● Supplied information
####

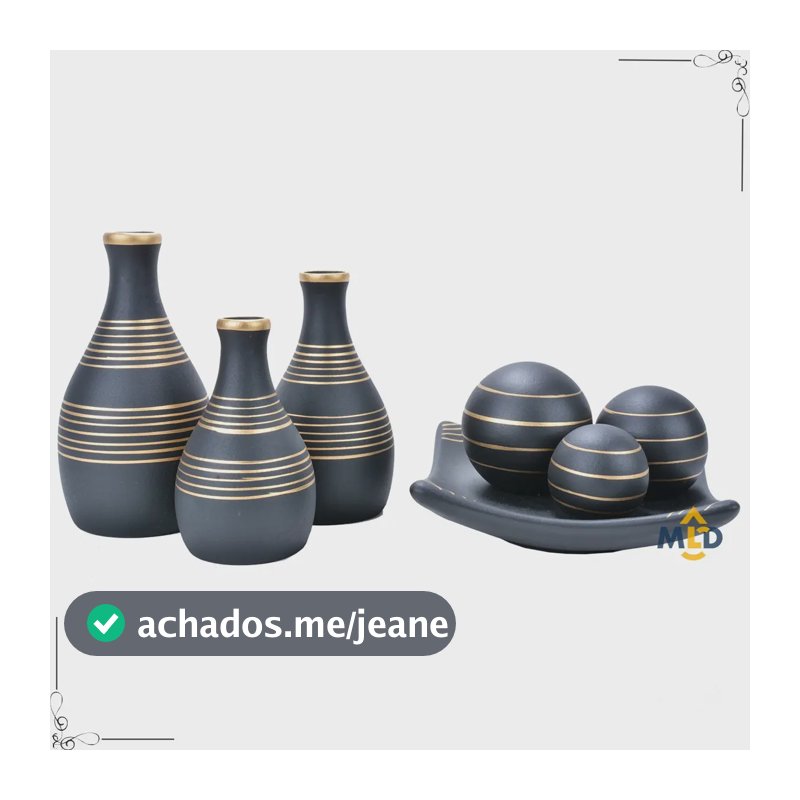 Enfeites Estante Decoração Rack Sala Vaso Decorativo Aparado Cor Preto Listra Trio + Fruteira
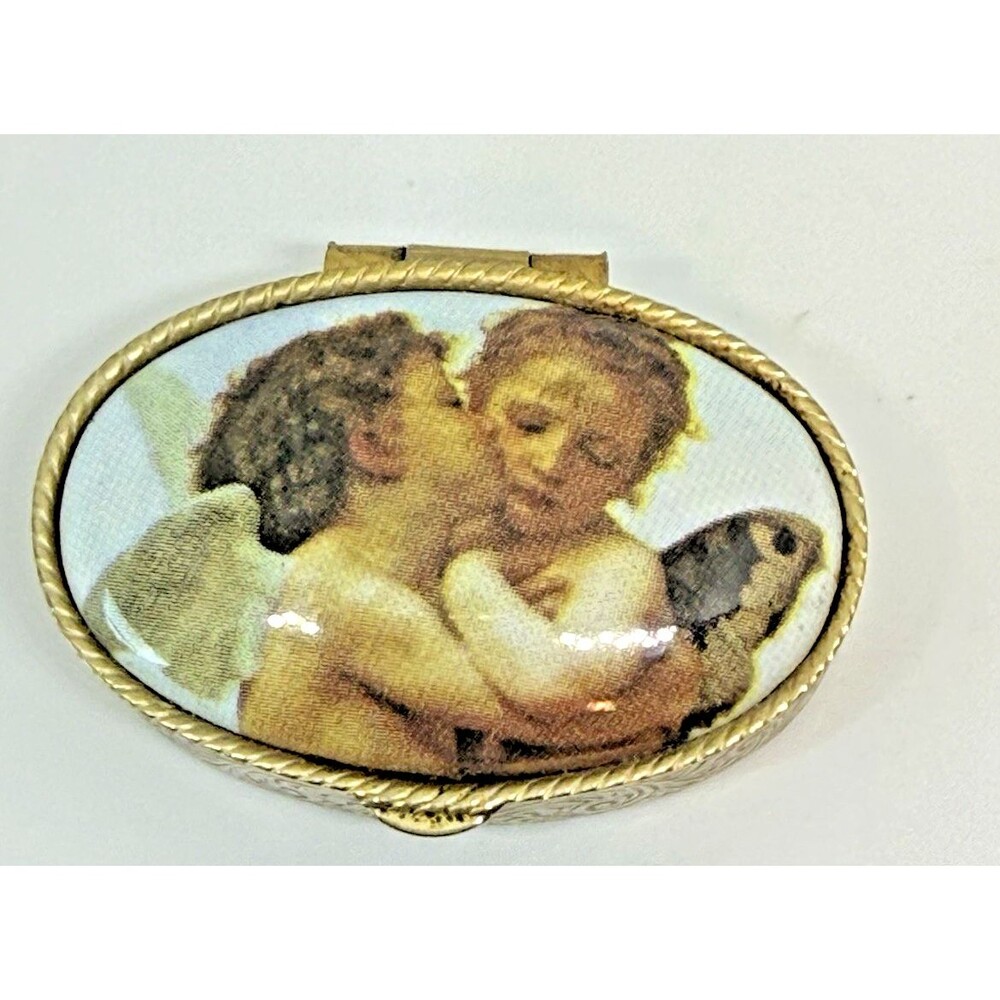 Vintage Kissing Cherubs Oval Enamel Pill Box Gold Tone Hinged Trinket Box 2 In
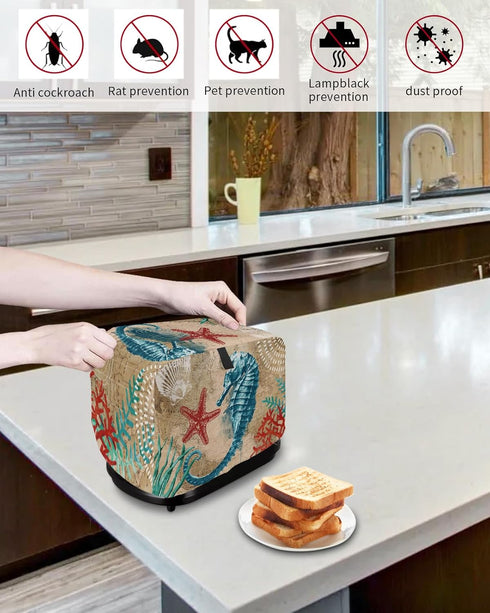 Nautical Theme Toaster Dust Cover with Pockets, Blue Seahorse and Seaweed Soft Washable Cover for 4 Slice Toaster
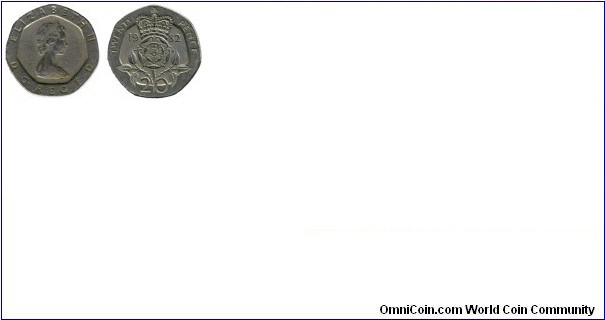 20 pence The head of Queen Elizabeth II, wearing the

####

● Problem to solve
Quote the material in full and exactly; do not carry over its pictures.

● Answer
 Enfeites Estante Decoração Rack Sala Vaso Decorativo Aparado Cor Preto Listra Trio + Fruteira
 Vintage Kissing Cherubs Oval Enamel Pill Box Gold Tone Hinged Trinket Box 2 In
 Nautical Theme Toaster Dust Cover with Pockets, Blue Seahorse and Seaweed Soft Washable Cover for 4 Slice Toaster
 20 pence The head of Queen Elizabeth II, wearing the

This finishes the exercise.